Hi,
I've been running a SolrCloud setup running SOLR 4.4 consisting of 3 nodes for
some time. The cloud is hosting about 40 small collections that receive updates
once a day. The collections are using different shard and replication
configurations (varying from 2 shards without replication to 2 shard with 3
replicas).
After running Tomcat for a couple of weeks, I notice the number of open files
is dramatically increasing. Most of those files are deleted tlog files that
SOLR keeps open:
eric@node1:/ # lsof -np 16810 | grep deleted | wc -l
36345
Those files are no longer on disk, but SOLR still has a handle open. My disk
use is going through the roof. 6GB is currently 'in use' by deleted but still
open files.
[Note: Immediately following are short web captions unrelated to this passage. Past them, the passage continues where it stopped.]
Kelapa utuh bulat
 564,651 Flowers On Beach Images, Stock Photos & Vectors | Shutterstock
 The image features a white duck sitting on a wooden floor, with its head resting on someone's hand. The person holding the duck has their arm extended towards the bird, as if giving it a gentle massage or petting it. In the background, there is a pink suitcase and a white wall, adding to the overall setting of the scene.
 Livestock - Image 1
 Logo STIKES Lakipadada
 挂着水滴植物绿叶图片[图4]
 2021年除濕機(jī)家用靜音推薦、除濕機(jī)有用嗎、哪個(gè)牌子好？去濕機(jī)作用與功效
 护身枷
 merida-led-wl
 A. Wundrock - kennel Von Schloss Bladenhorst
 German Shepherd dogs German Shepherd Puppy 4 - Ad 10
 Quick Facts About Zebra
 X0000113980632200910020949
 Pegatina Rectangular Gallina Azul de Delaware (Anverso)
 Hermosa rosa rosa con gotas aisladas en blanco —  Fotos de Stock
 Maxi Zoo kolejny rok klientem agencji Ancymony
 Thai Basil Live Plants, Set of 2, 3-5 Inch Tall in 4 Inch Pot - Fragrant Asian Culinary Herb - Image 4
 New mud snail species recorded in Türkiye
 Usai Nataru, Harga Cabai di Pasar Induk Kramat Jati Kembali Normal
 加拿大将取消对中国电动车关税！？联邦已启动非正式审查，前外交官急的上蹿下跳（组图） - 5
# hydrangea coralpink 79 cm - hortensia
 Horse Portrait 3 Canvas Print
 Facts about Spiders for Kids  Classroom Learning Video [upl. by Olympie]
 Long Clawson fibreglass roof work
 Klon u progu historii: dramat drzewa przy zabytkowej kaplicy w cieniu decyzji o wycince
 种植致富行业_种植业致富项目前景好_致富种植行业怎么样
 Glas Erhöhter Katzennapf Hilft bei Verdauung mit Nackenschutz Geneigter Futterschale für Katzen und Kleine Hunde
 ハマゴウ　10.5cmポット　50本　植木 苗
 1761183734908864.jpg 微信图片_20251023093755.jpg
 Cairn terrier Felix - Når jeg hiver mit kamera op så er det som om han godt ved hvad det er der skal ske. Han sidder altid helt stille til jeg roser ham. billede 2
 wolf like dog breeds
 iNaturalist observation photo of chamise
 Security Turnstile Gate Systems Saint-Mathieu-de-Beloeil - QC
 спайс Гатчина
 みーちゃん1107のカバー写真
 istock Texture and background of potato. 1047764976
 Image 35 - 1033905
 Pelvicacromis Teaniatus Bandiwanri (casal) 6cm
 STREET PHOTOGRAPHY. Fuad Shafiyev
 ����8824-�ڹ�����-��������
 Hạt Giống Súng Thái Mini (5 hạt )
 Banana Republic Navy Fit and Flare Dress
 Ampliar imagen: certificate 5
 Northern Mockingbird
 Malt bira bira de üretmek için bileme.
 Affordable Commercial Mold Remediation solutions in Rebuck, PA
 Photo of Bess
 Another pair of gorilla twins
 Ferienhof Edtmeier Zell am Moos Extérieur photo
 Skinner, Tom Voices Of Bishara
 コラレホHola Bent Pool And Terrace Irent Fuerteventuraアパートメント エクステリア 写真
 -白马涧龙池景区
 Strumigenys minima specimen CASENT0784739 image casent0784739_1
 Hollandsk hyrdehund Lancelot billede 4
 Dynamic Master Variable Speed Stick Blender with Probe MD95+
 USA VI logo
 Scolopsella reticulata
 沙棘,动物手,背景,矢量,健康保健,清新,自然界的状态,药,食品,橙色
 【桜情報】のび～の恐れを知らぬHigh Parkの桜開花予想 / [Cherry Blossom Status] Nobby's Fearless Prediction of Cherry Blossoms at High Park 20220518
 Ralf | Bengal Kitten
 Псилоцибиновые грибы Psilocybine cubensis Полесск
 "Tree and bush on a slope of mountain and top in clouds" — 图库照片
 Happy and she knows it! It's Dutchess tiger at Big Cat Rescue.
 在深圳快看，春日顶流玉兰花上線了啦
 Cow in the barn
When I restart Tomcat, the space is freed and it starts all over
again. All of my nodes experience this behavior.
First I thought it had something to do with the lack of commits. But it happens
on all my collections, even the ones with fast autoCommit:
<autoCommit>
<maxDocs>5000</maxDocs>
<maxTime>120000</maxTime>
<openSearcher>false</openSearcher>
</autoCommit>
My update process always triggers a commit or rollback and updates are showing
up correctly.
I read something about SOLR having TCP connections in CLOSE_WAIT. The only
CLOSE_WAIT connection I see are between the nodes. And there are only about 10
of them. Those connections can't be causing 36k open files, right?
Any suggestions/tips? At the moment, I have to restart my leader every couple
of weeks and that's not really something I would like to do :)
Best regards,
Eric Bus